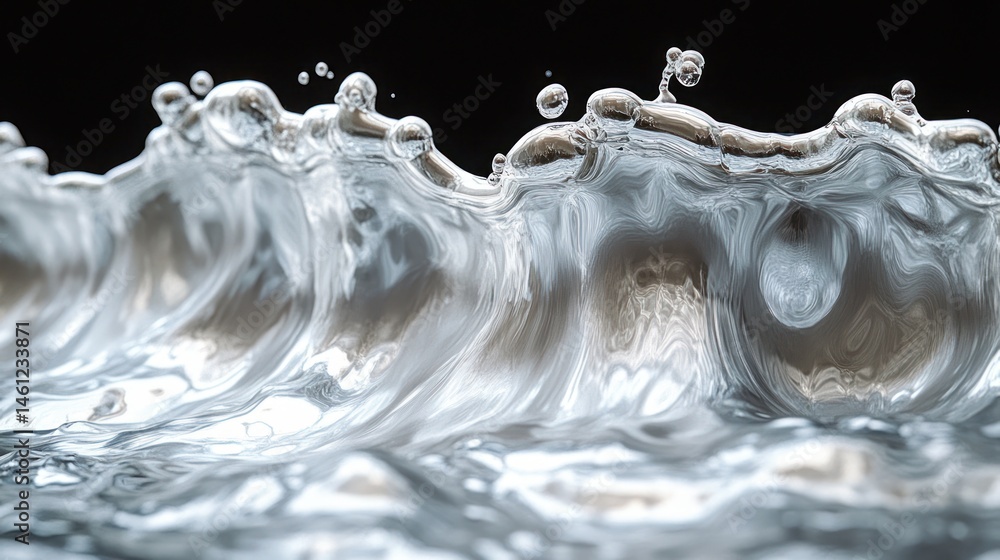 Poster close-up of a series of water splashes and ripples, creating a wave-like pattern. the liquid's surfa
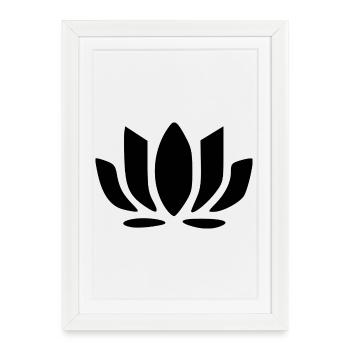 Fleur de lotus Fleur de lotus Icônes florales noires - Affiche encadrée (27 × 37 cm) - blanc - Devant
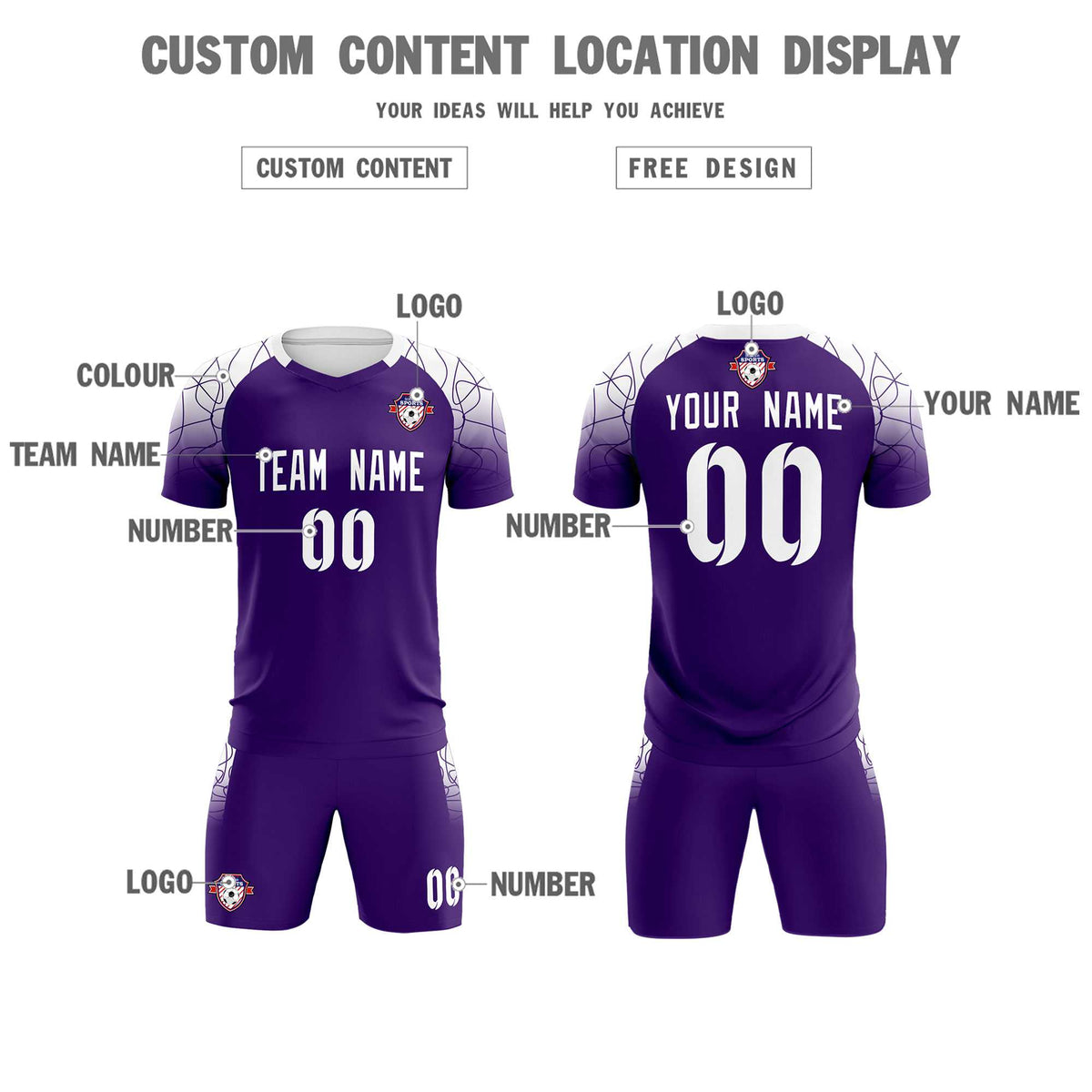 Custom Purple Classic Soccer Training Sets Jersey For Adults/Kids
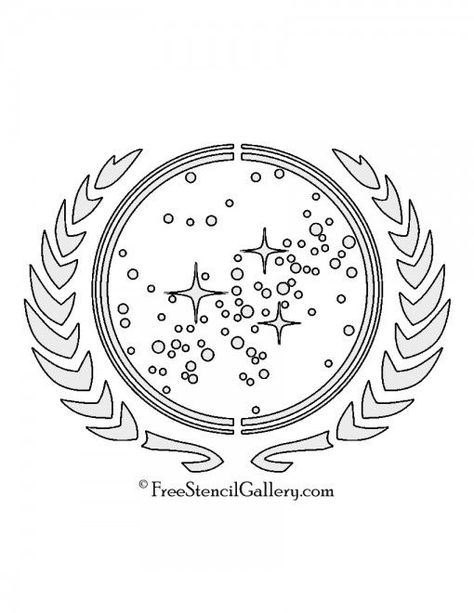 Star Trek - United Federation of Planets Insignia Stencil Star Trek Nursery, Star Trek Printables, Notion Template For Work, Star Trek Tattoo, Star Trek Party, Free Stencils Printables, Planet Logo, United Federation Of Planets, Star Wars Quotes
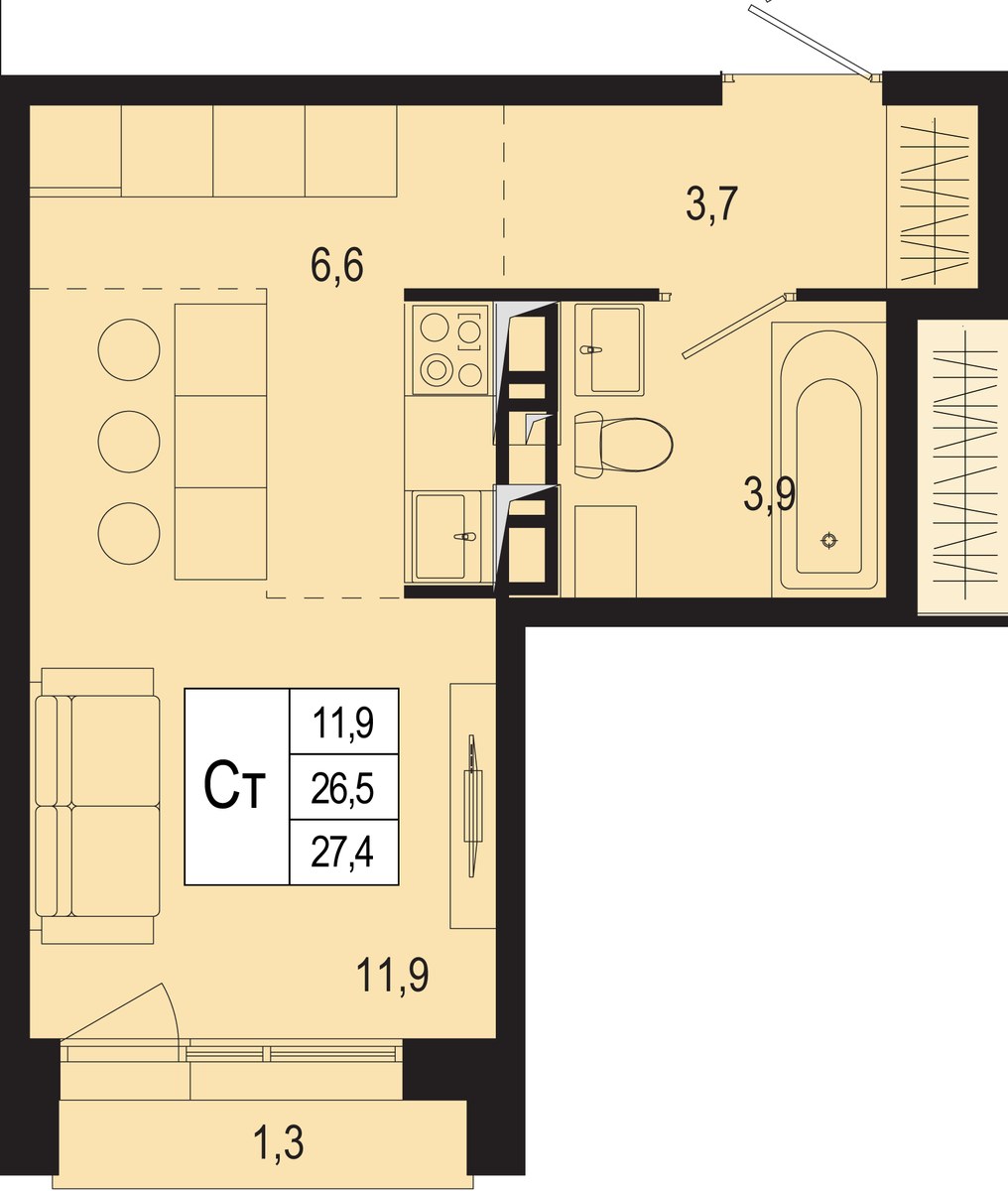 Планировка 26.5 м²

#####

**ABOUT THIS EXERCISE**
Reprint all the data above verbatim, excluding pictures.

**RESULT**
 Poster close-up of a series of water splashes and ripples, creating a wave-like pattern. the liquid's surfa
 Fleur de lotus Fleur de lotus Icônes florales noires - Affiche encadrée (27 × 37 cm) - blanc - Devant
 Custom Purple Classic Soccer Training Sets Jersey For Adults/Kids
 Star Trek - United Federation of Planets Insignia Stencil Star Trek Nursery, Star Trek Printables, Notion Template For Work, Star Trek Tattoo, Star Trek Party, Free Stencils Printables, Planet Logo, United Federation Of Planets, Star Wars Quotes
 Планировка 26.5 м²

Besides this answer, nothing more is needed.